> _Input for this task_:
*** Block opens ***
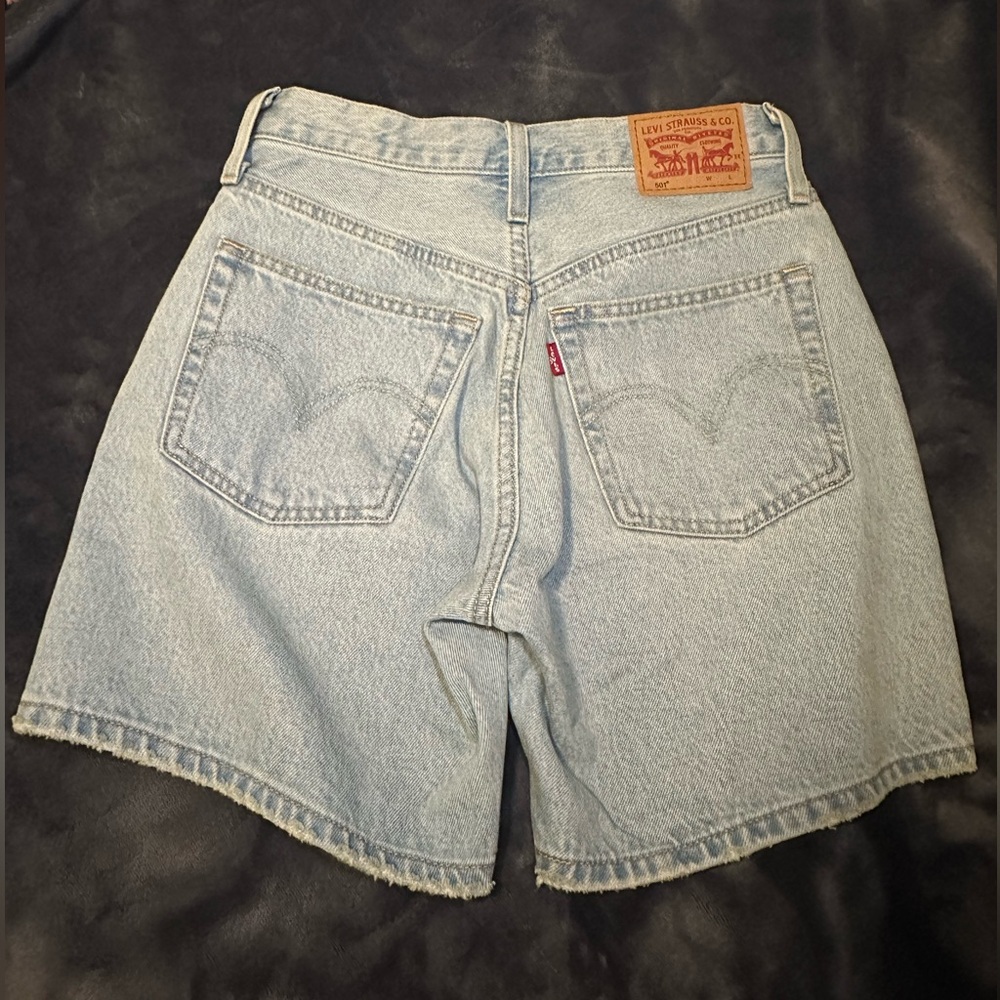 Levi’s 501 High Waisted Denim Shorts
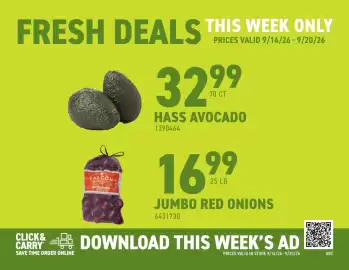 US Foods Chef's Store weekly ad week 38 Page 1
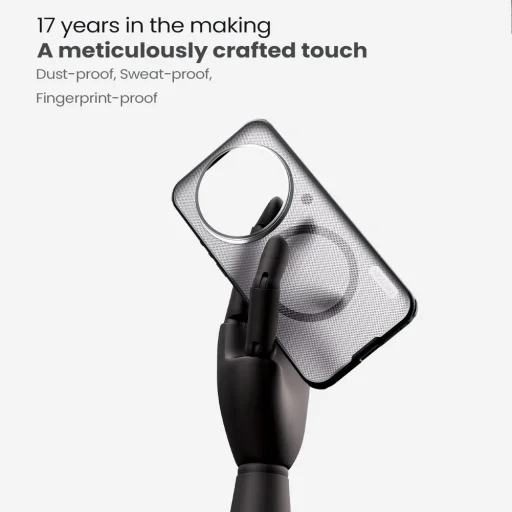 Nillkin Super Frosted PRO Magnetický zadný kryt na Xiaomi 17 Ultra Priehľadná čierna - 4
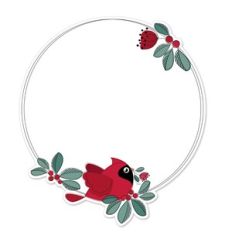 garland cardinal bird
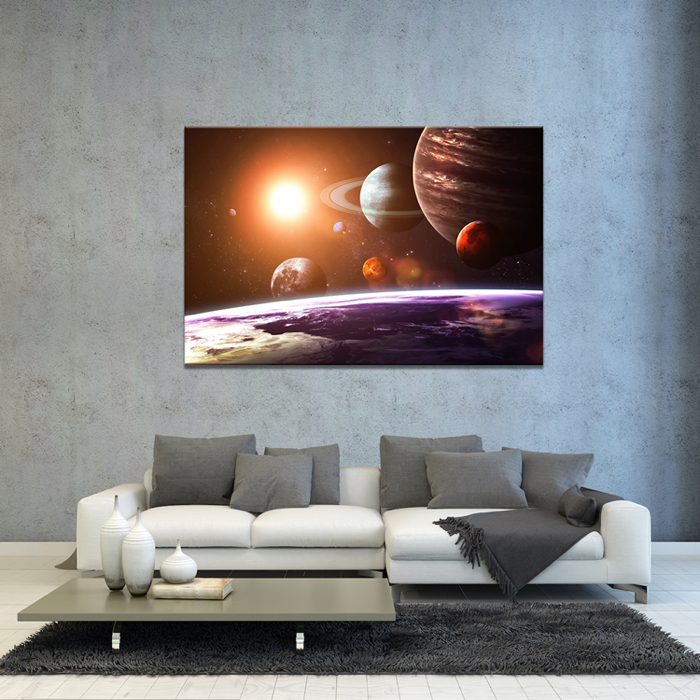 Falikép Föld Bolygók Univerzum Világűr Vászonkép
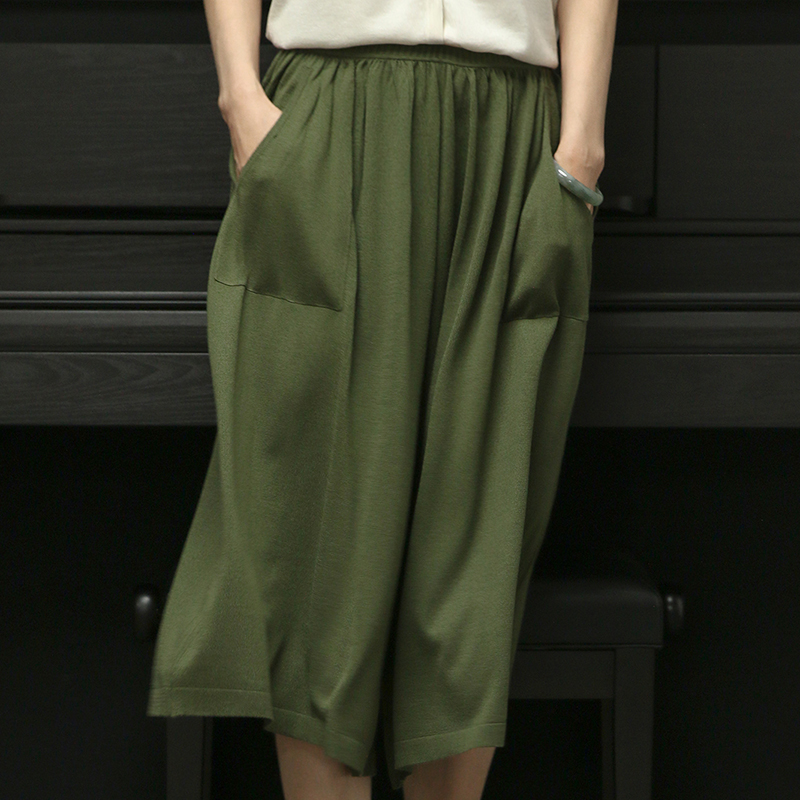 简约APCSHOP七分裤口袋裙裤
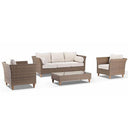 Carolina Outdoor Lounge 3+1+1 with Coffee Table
*** Block closes ***
*** Block opens ***
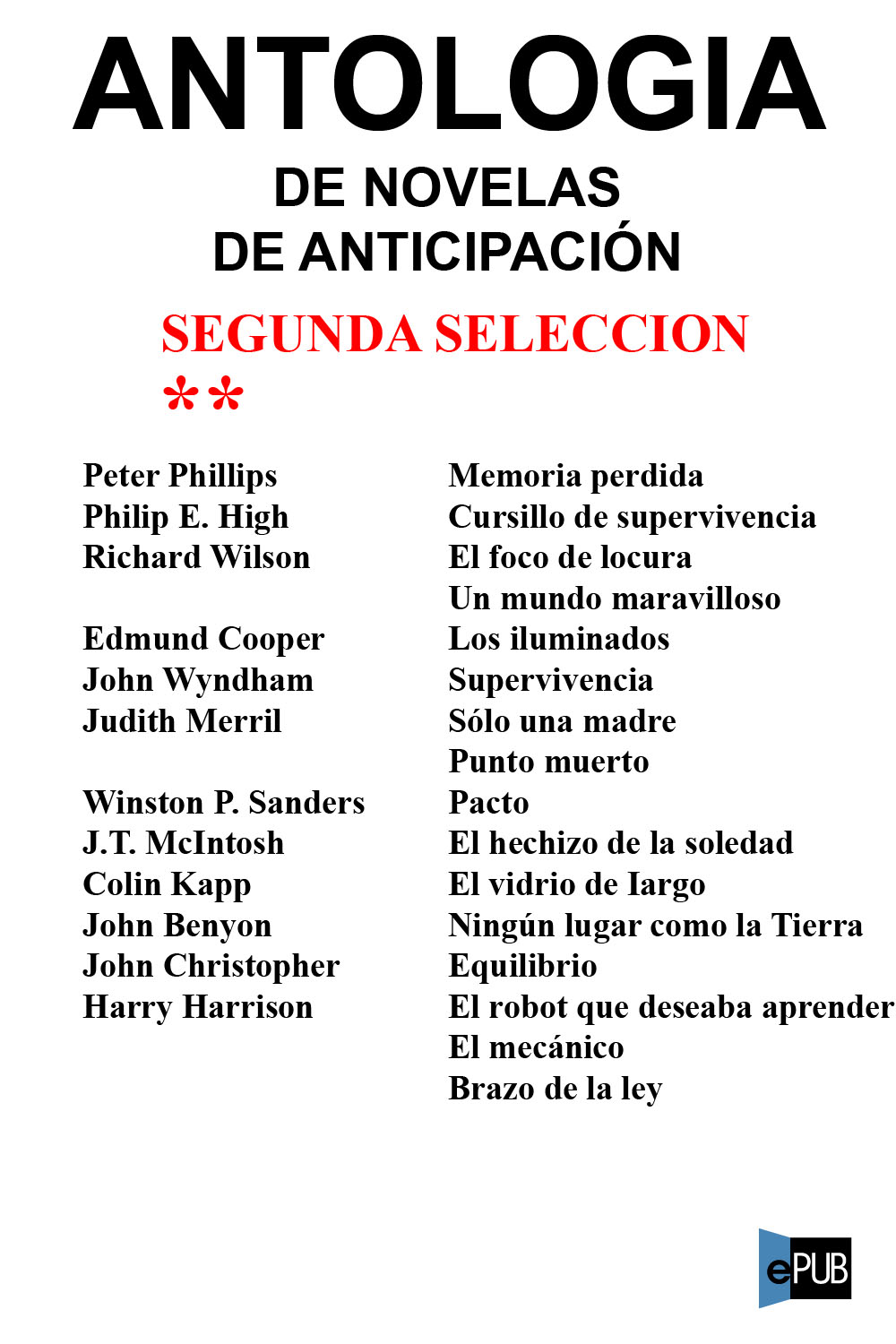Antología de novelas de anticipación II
*** Block closes ***
*** Block opens ***
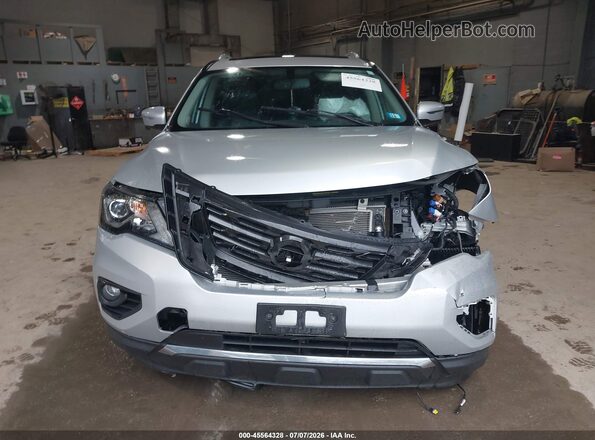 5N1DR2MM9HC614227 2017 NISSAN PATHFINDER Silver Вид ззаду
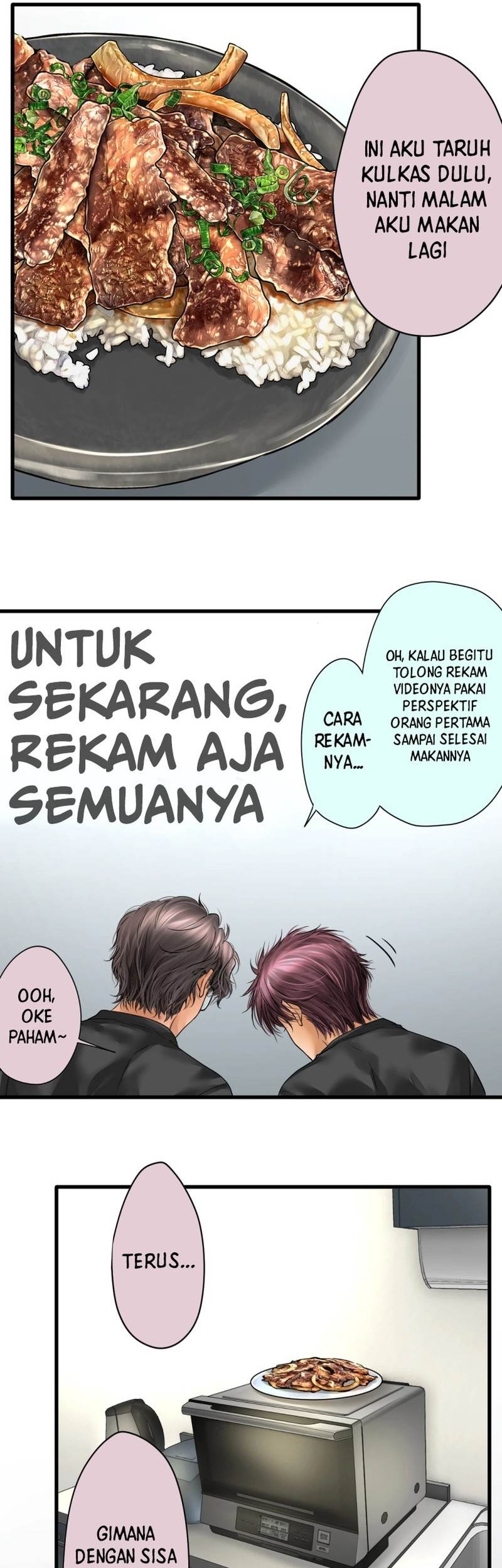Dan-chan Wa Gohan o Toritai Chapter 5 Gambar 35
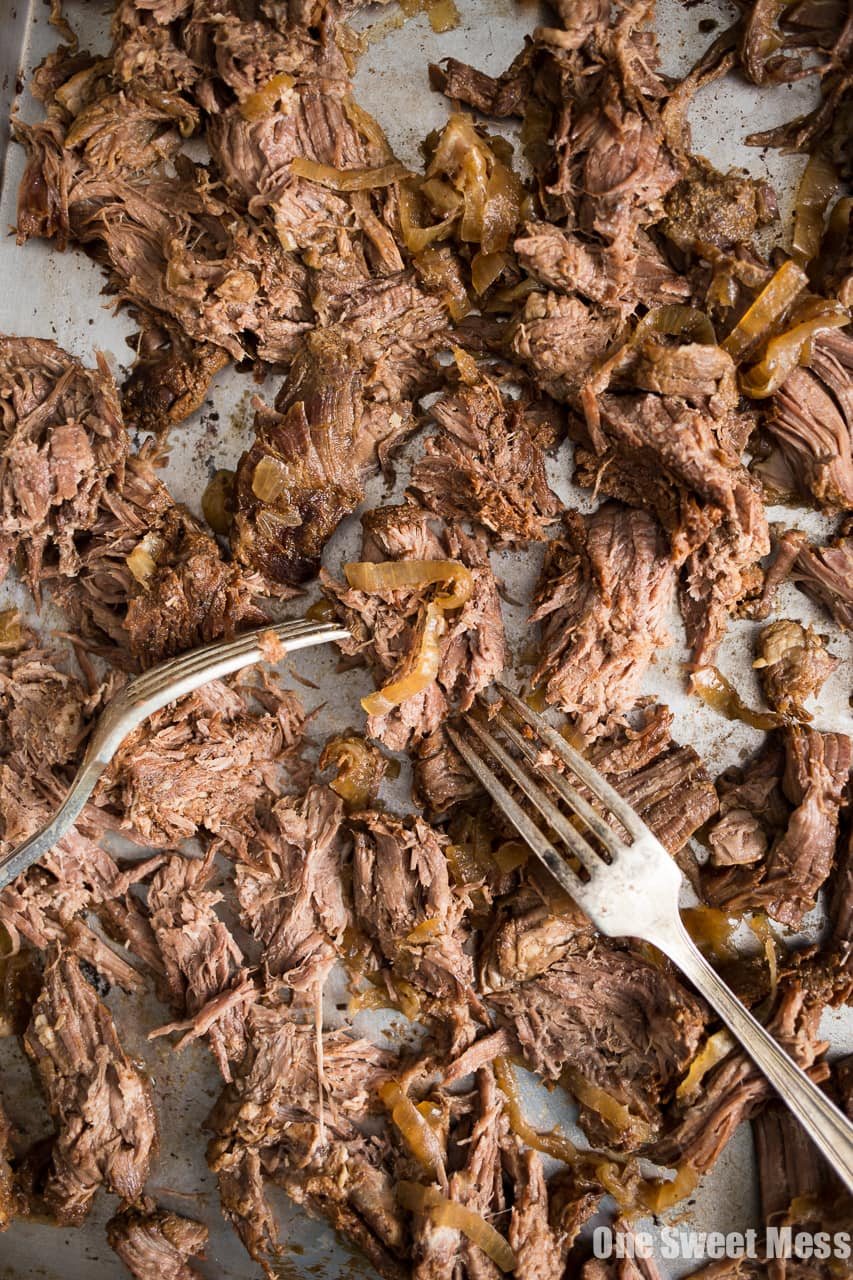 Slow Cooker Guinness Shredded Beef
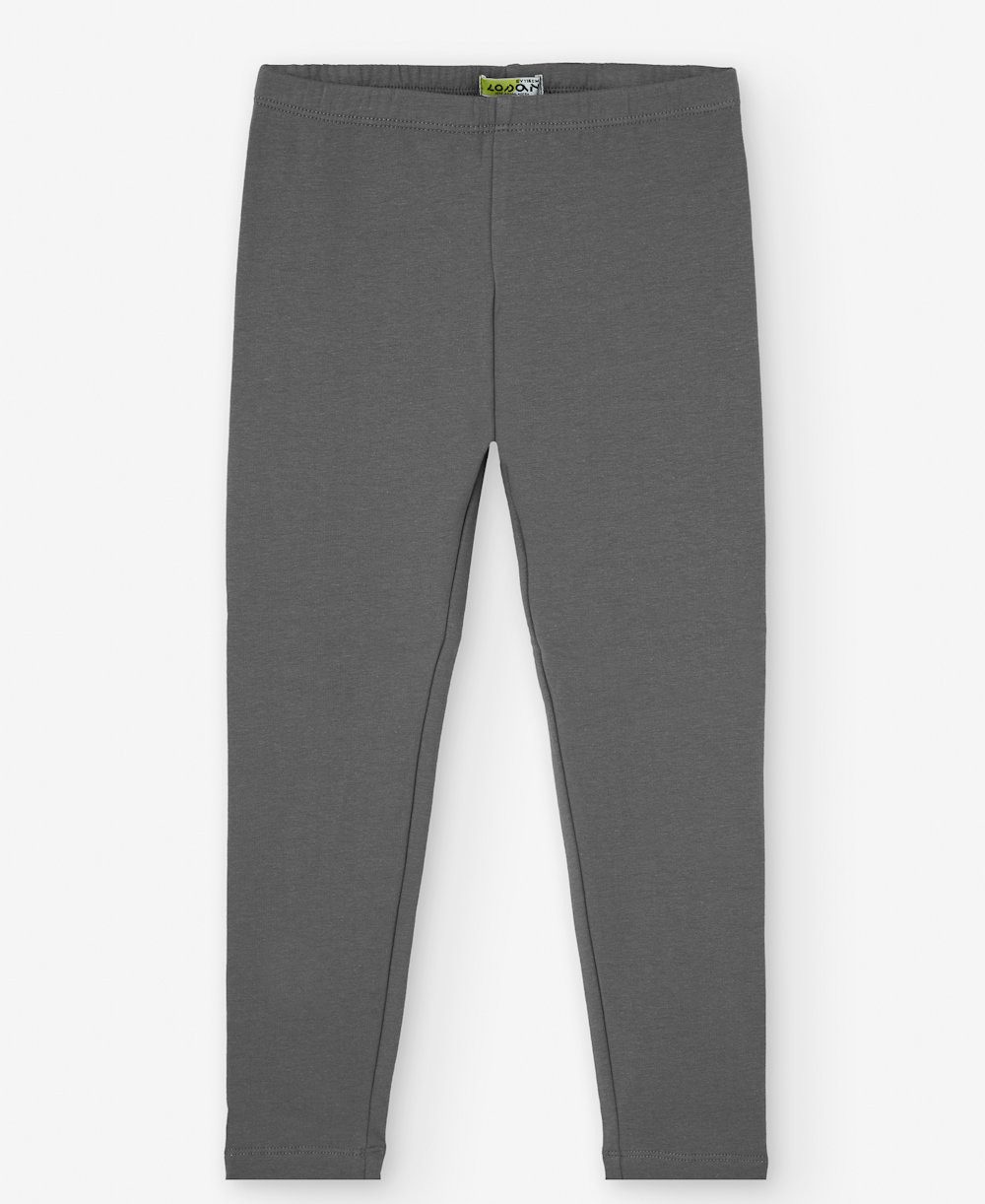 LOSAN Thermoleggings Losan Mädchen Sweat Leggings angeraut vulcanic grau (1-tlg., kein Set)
*** Block closes ***
> _Problem_: Copy only what runs above from the line containing "Dan-chan Wa Gohan" through the line containing "LOSAN Thermoleggings Losan", exactly. Leave out the pictures.

> _Result_:
Dan-chan Wa Gohan o Toritai Chapter 5 Gambar 35
 Slow Cooker Guinness Shredded Beef
 LOSAN Thermoleggings Losan Mädchen Sweat Leggings angeraut vulcanic grau (1-tlg., kein Set)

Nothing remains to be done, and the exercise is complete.